Here again, we win. HBO is not currently making the clip available either at cost or for free, so there is no potential market. If HBO does decide to make the concert video available, it has to be re-analyzed.

Anyhow, it's my little experiment in copyright policy. I'll keep everyone posted regarding any news. If YouTube takes down the video, I will try other hosting services. This post is a draft, if anyone has any ideas on how to improve it, or any feedback at all, I'd like to hear from you.

Note: I heard from Mike below, he made some good points, and will edit this draft to reflect them.

Incidentally, there is a movement to help nominate Pete Seeger for the Nobel Peace Prize.

2 comments:

McD said...

With regard to factor #1, you're forgetting the ads that are displayed next to the video on YouTube. So, Google may not make any money when you embed it in your Blogger site but anyone who finds it on the YouTube site or clicks through to YouTube from the video on your Blogger page will generate revenue for Google via the ads on that page.

With regard to factor #3, I suspect that it would be measured against how much of that particular song you used and not the length of the entire concert.
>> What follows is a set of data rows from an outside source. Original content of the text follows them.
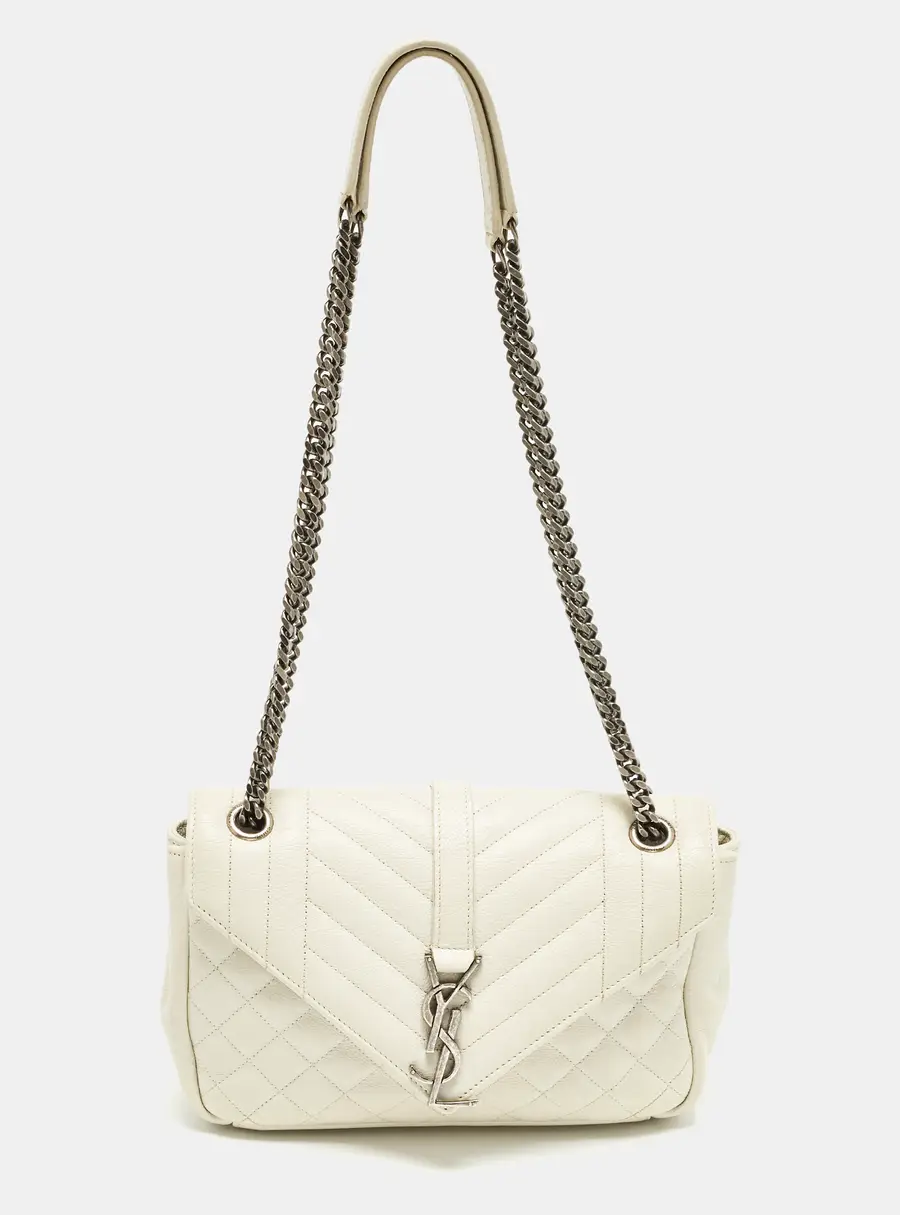 Saint Laurent College Medium White Matelassé Leather Bag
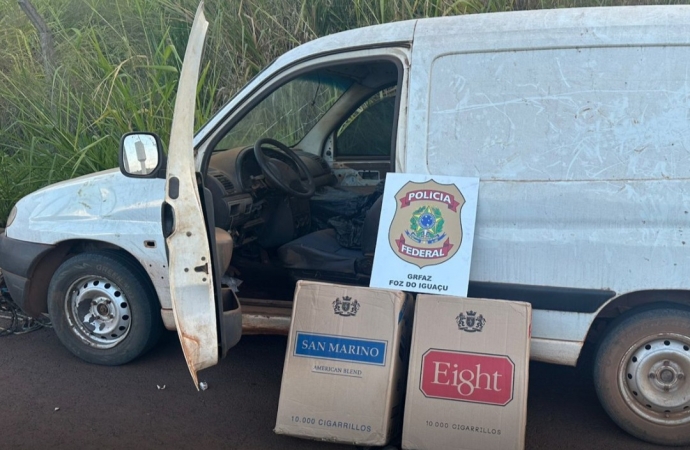 PF apreende veículo carregado com caixar de cigarros contrabandeados em Ramilândia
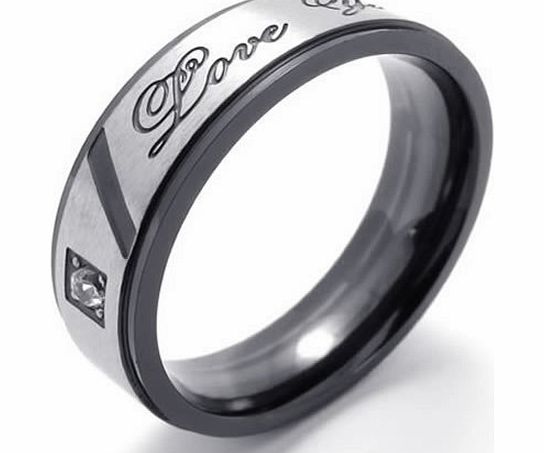  Jewellery Lovers Polished Titanium Stainless Steel Promise Ring ``Love You`` Couples Engagement Wedding Bands, Valentines Gift for Him and Her, Colour Black Silver, Mens Ring, Size T (with Gift Ba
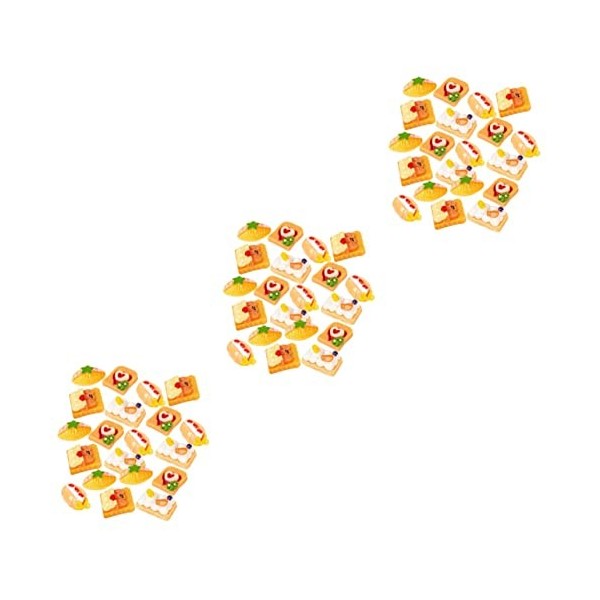 ibasenice 40 Pièces Simulant Manger du Pain Mini Maison De Poupée Mini Accessoires Décor À La Main Mini Charmes Alimentaires 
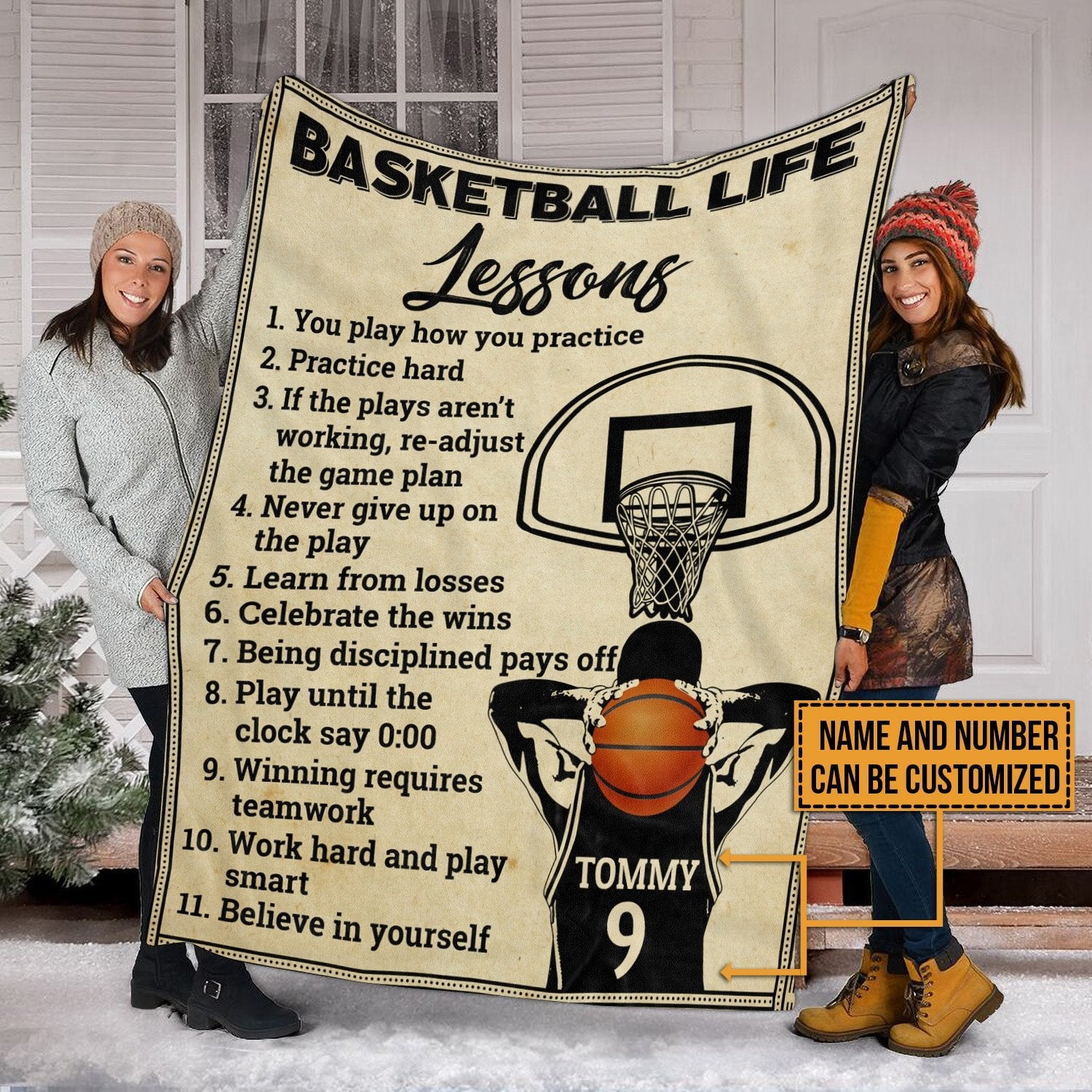 Basketball Lesson Blanket - Personalized Work Hard
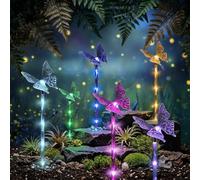 Lot de 6 lampes solaires en forme de papillon - 6 modes de changement de couleur - 8 modes d'éclairage d'extérieur - IP66 - Automatique - Matériau ABS - Pour jardins, terrasses, allées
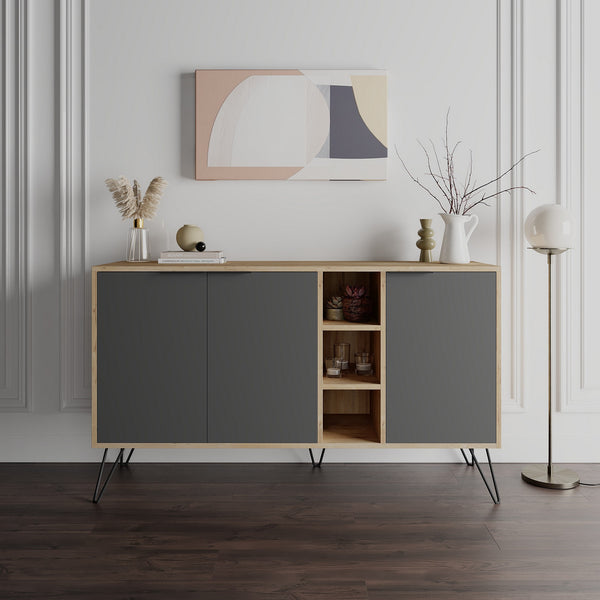 Konzolasztal Clara Console - Oak, Anthracite-Vashome.sk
I personally had a video that I posted to YouTube pulled even though it amounted to just one pitch from an MLB baseball game in 1986.
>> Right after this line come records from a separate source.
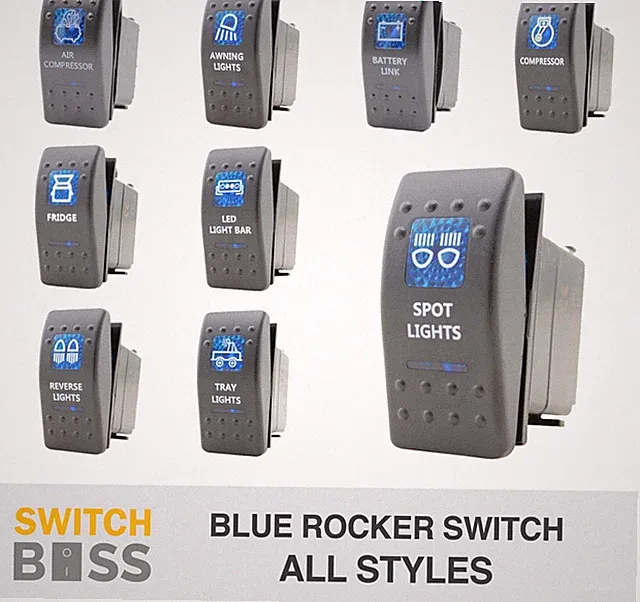 Rocker Switch 113 Styles Blue fit All Standard Style LED Car Boat 12v Spot Light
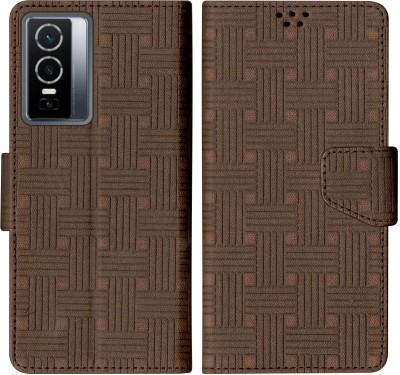 SScase Flip Cover for Vivo Y76 5G(Brown, Shock Proof, Pack of: 1)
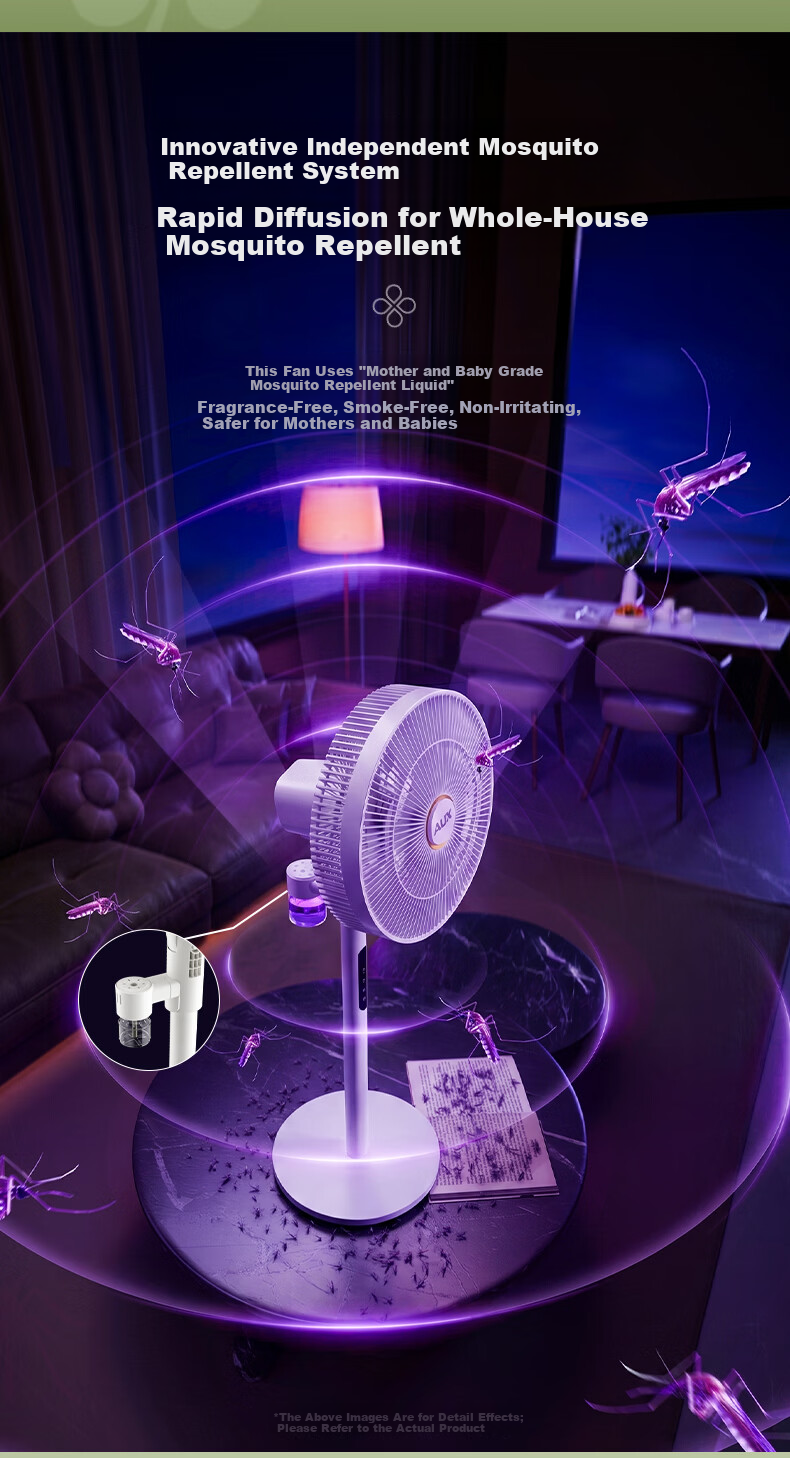 AUX DC Inverter Floor Fan Quiet Home Standing Fan Stepless Speed Adjustable Energy-Saving Air Circulation Fan Dual-Use Table and Floor Fan FS30-2501 9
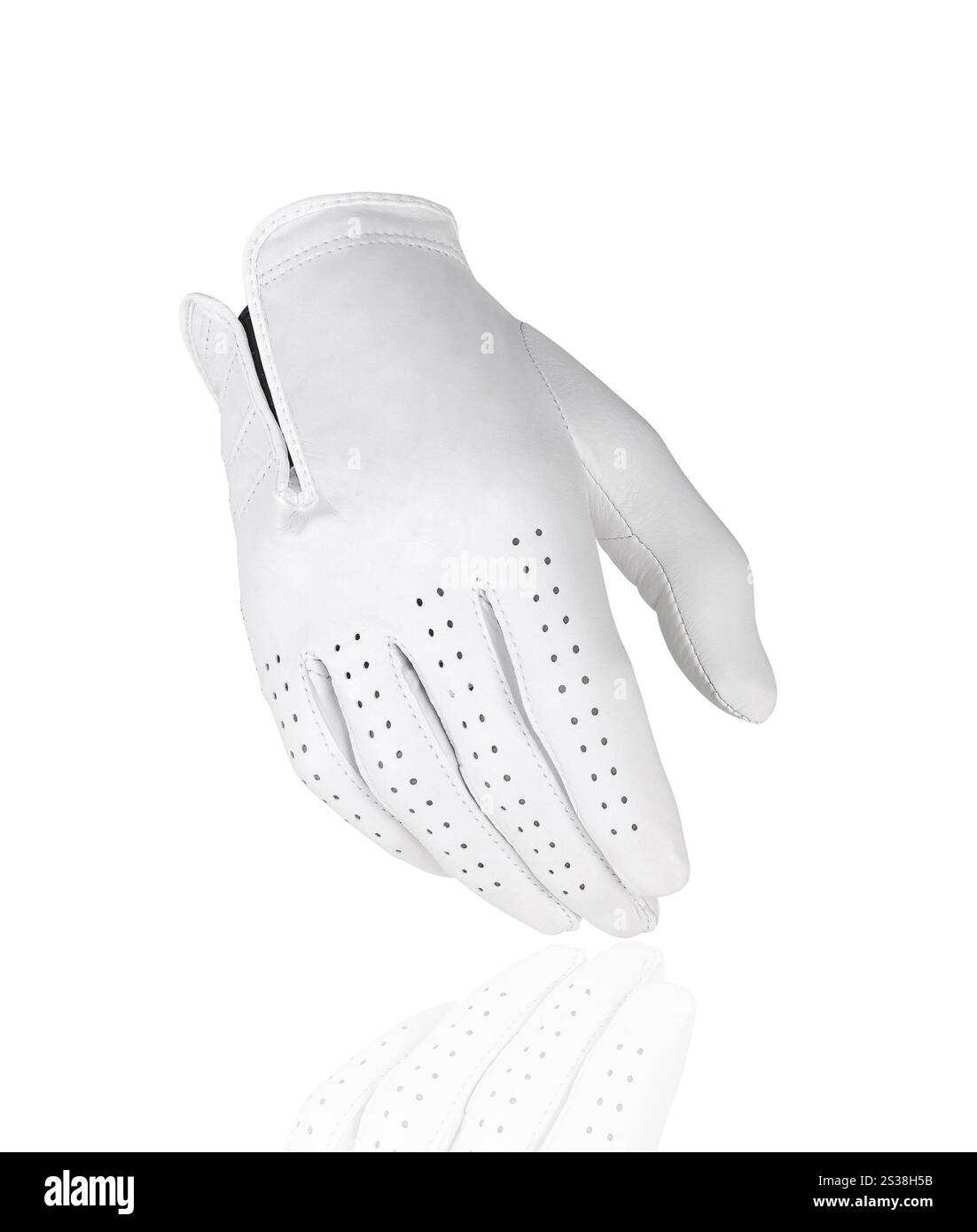 Weiße Lederhandschuhe isoliert auf dem Weißen. Weiße Lederhandschuhe Stockfoto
With regard to factor #4, the issue is potential markets not existing markets and they don't have to be obvious. As explained on this page [fairuse.stanford.edu/Copyright_and_Fair_Use_Overview/chapter9/9-b.html], a copyrighted photograph used by a sculptor as the basis for a sculpture infringes on the photographers right to do the same even if the photographer might never have thought of making a sculpture from the photo.

Frank Fulchiero said...

Hi Mike, thanks for your comments. My responses:
1. Funny, I don't have any ads on the direct YouTube page showing the video. Is this uncommon? I did consider your concern initially, but ignored it when I did not see any ads.
3. You might be right on this one, though a good attorney might be able to make a case for me!
4. You have a point here also (I can't get your link to work). However, in my defense, I would state that if the song is in the public domain already (I have to check that) and Pete or Bruce's performances are not being distributed in any way by any copyright owners, and I am willing to take the video down if they do indeed do so, I am probably ok. To follow your example, I am willing to destroy the statue based on the photo in the event someone else legally uses that photo for the same purpose.
Fair use is a gray area as we know, I think I am slightly on the right side of legal in this specific case. Interestingly enough, there are other clips of the same concert on YouTube, one with over 70,000 hits. Of course mine looks better because I spent 5 hours compressing it ;-)

Now I wait and see. I thought allowing anyone to embed the video made the entire upload more risky, but decided to go for it.